Input for this task
·····

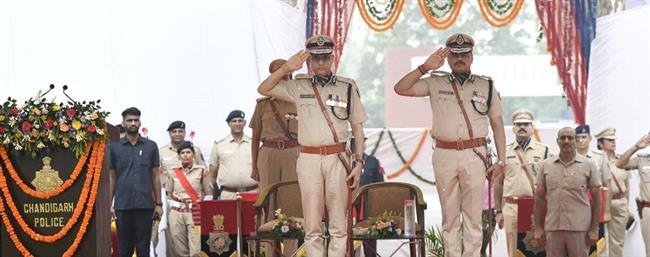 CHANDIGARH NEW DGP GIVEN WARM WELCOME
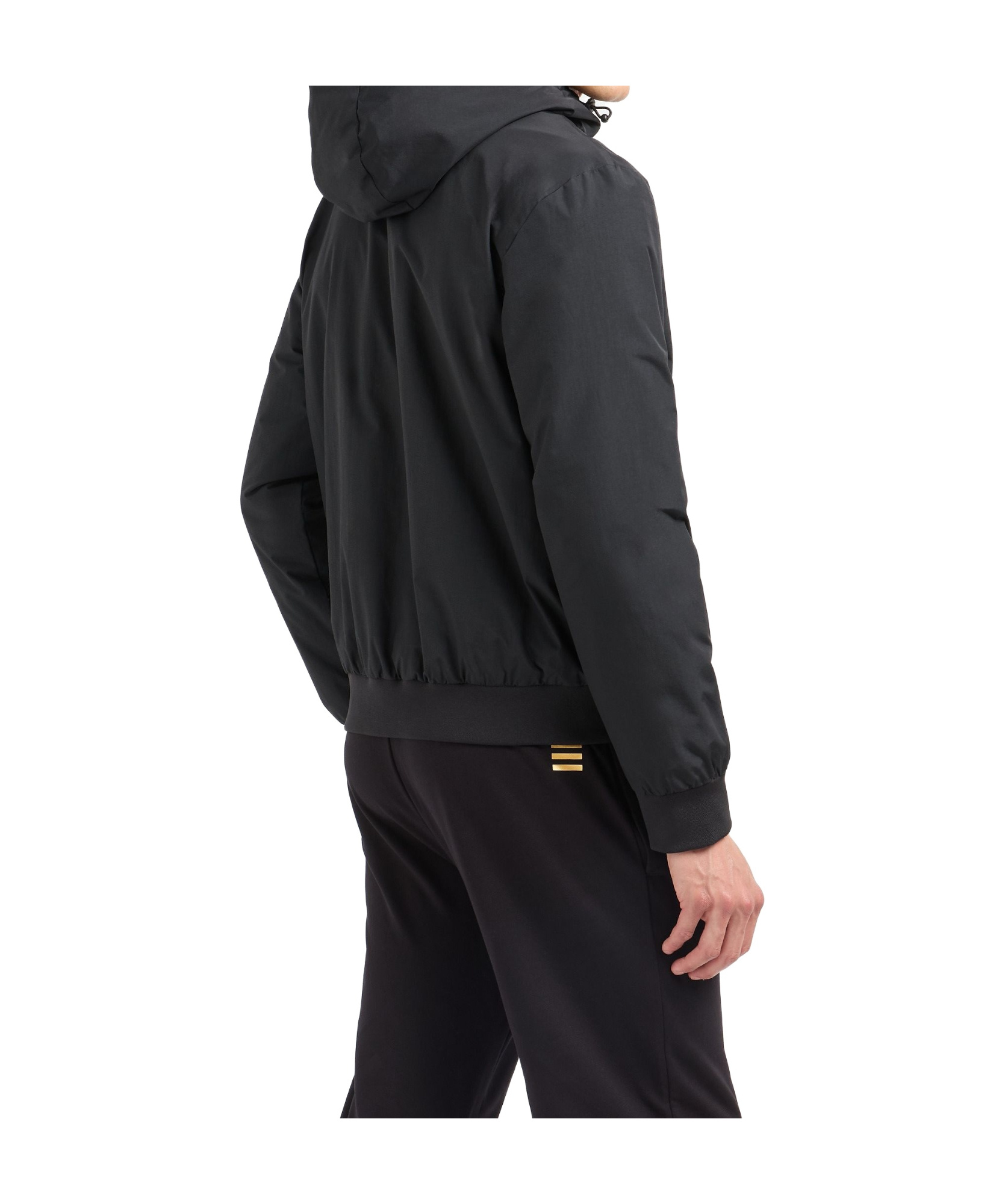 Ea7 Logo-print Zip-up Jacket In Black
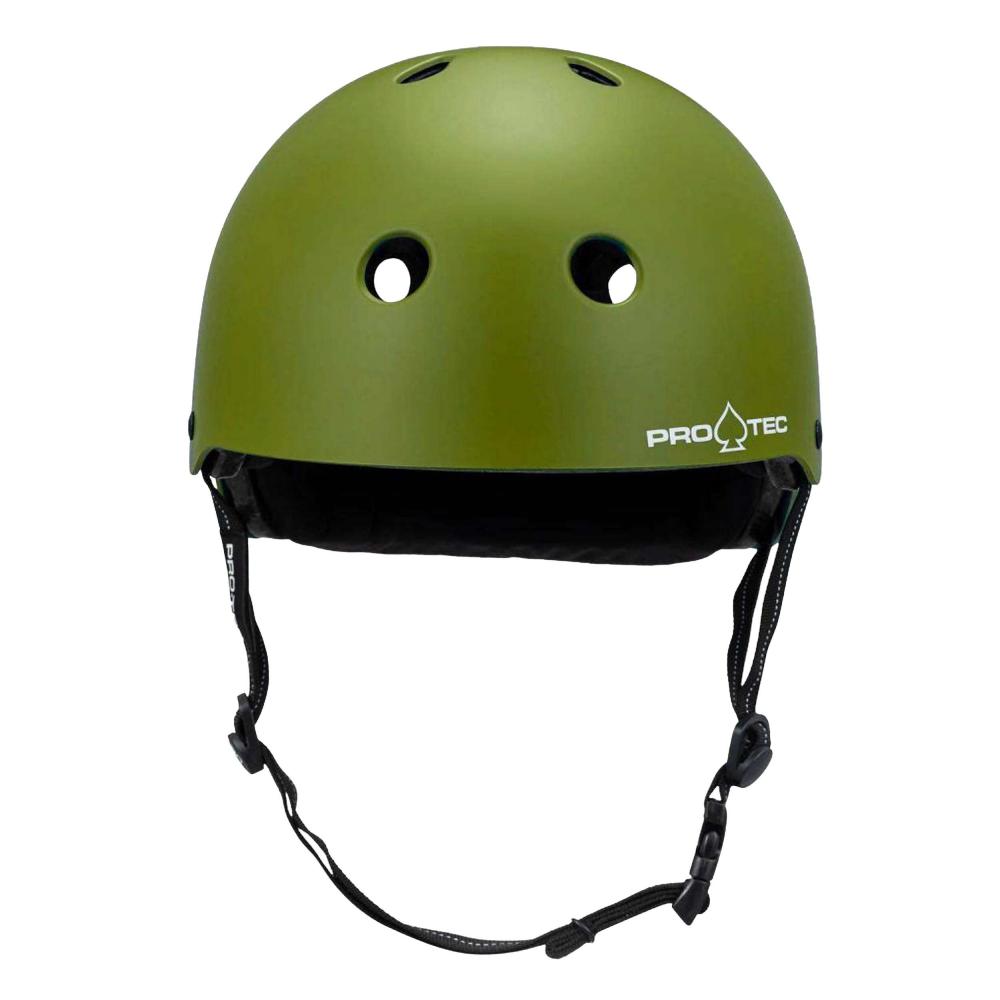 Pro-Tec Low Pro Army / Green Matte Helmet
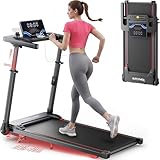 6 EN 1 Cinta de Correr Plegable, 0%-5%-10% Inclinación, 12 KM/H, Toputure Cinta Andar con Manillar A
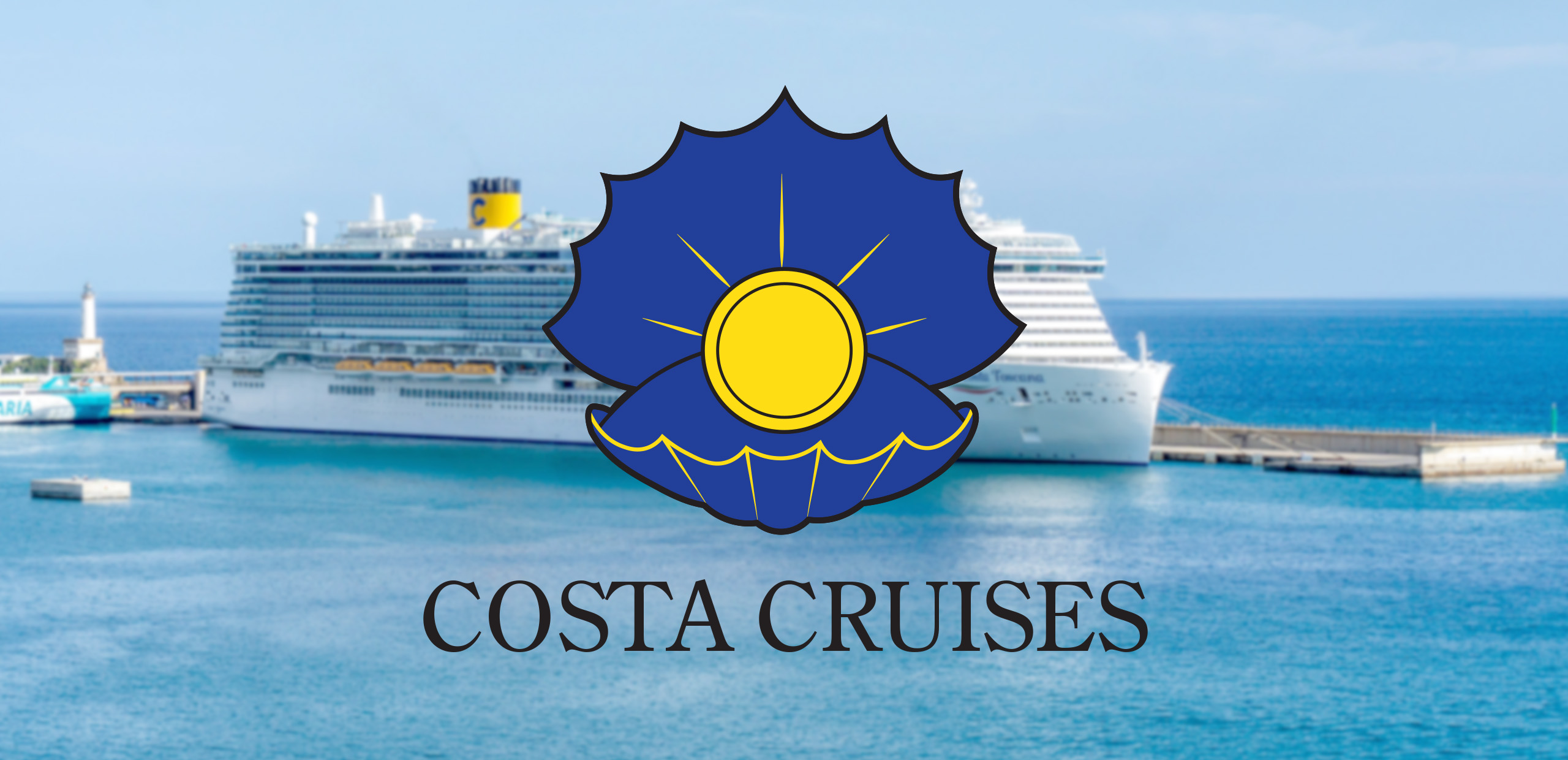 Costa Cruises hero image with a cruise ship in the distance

·····

Work required
Pictures stay out; output the lines from the top of the listing above through the line containing "6 EN 1 Cinta", exactly as they stand.

Response
 CHANDIGARH NEW DGP GIVEN WARM WELCOME
 Ea7 Logo-print Zip-up Jacket In Black
 Pro-Tec Low Pro Army / Green Matte Helmet
 6 EN 1 Cinta de Correr Plegable, 0%-5%-10% Inclinación, 12 KM/H, Toputure Cinta Andar con Manillar A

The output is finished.